WHAT TO WORK ON:
Make a verbatim copy of all the records. Skip every image.
------ DATA PROVIDED
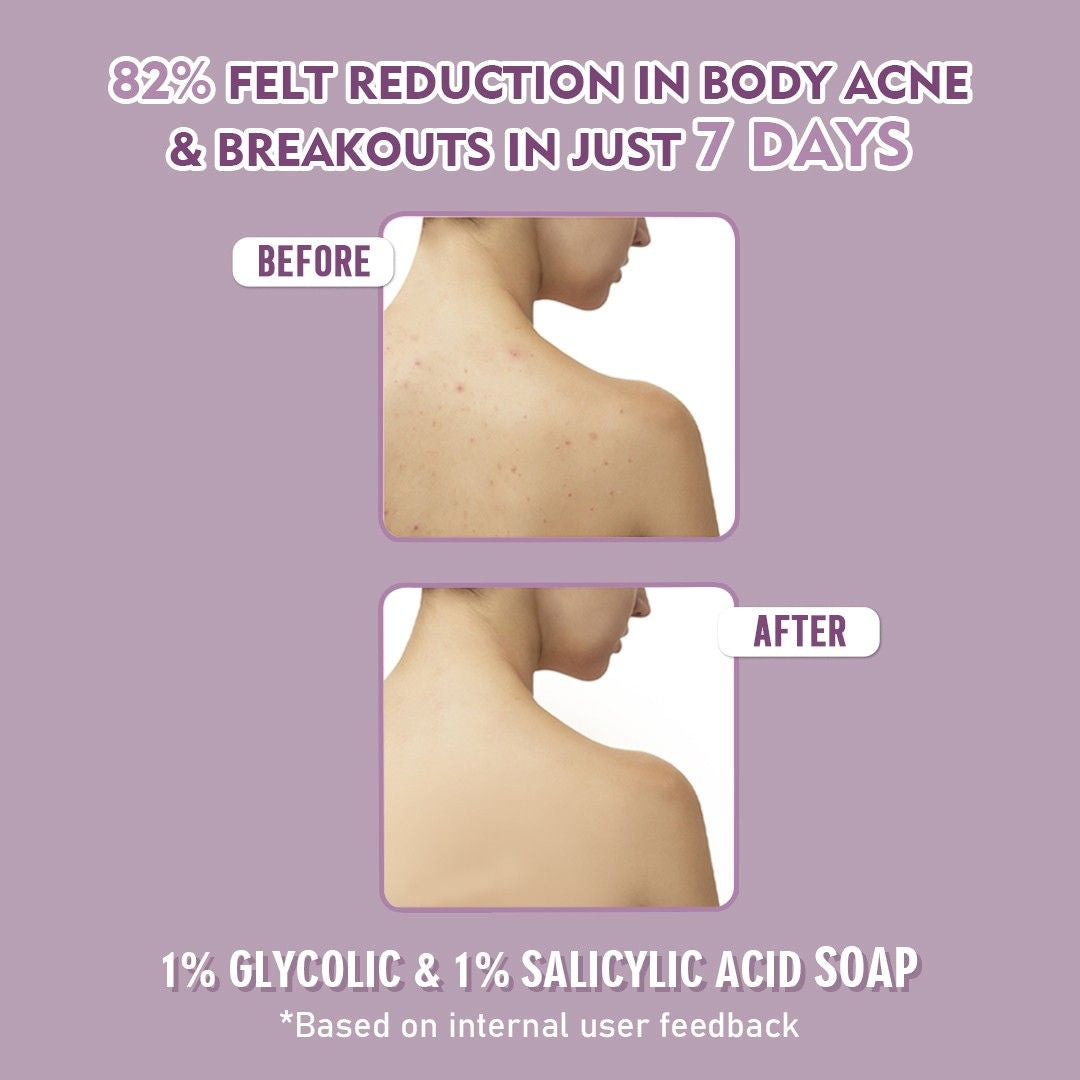 1% Glycolic Acid & 1% ww Salicylic Acid Body Acne Soap Pack of 3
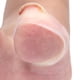 thumbnail image 5 of Fugacal Pegatinas de corrección de u?as, 2 piezas Herramienta de cuidado de pies corrector de u?as encarnadas de silicona para paroniquia Recuperación de herramientas de cuidado de u?as curativas Fugacal No se aplica, 5 of 6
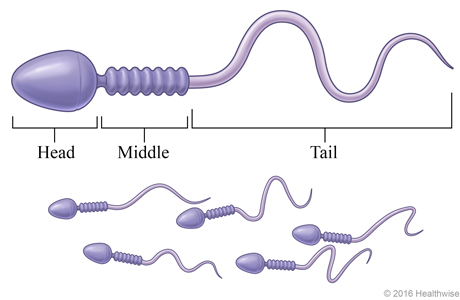  A group of sperm, with detail  of a single sperm 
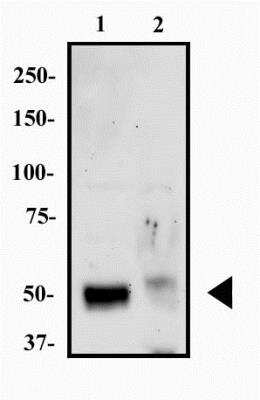 Western Blot: HNF-3 alpha/FoxA1 Antibody (3B11NB)BSA Free [NBP2-45269]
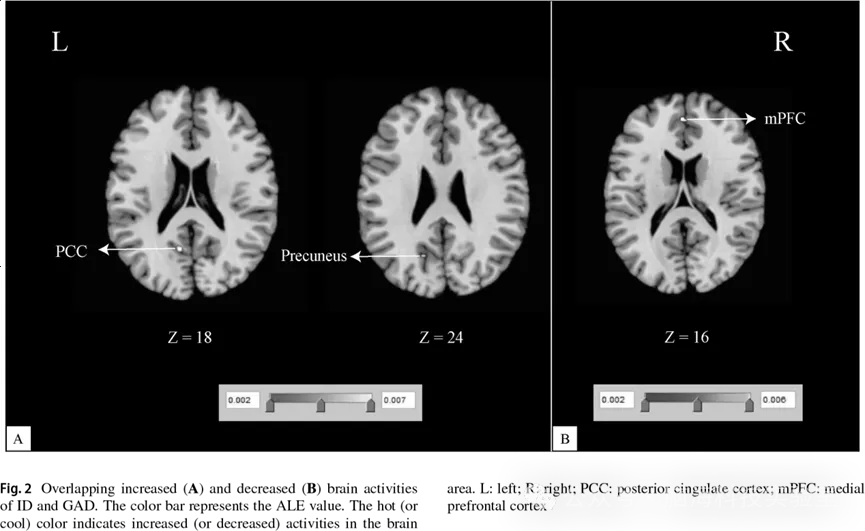 Brain Imaging Behav：失眠与广泛性焦虑障碍静息态脑活动的比较：一项基于坐标的元分析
------------
ANSWER BOX:
 1% Glycolic Acid & 1% ww Salicylic Acid Body Acne Soap Pack of 3
 thumbnail image 5 of Fugacal Pegatinas de corrección de u?as, 2 piezas Herramienta de cuidado de pies corrector de u?as encarnadas de silicona para paroniquia Recuperación de herramientas de cuidado de u?as curativas Fugacal No se aplica, 5 of 6
  A group of sperm, with detail  of a single sperm 
 Western Blot: HNF-3 alpha/FoxA1 Antibody (3B11NB)BSA Free [NBP2-45269]
 Brain Imaging Behav：失眠与广泛性焦虑障碍静息态脑活动的比较：一项基于坐标的元分析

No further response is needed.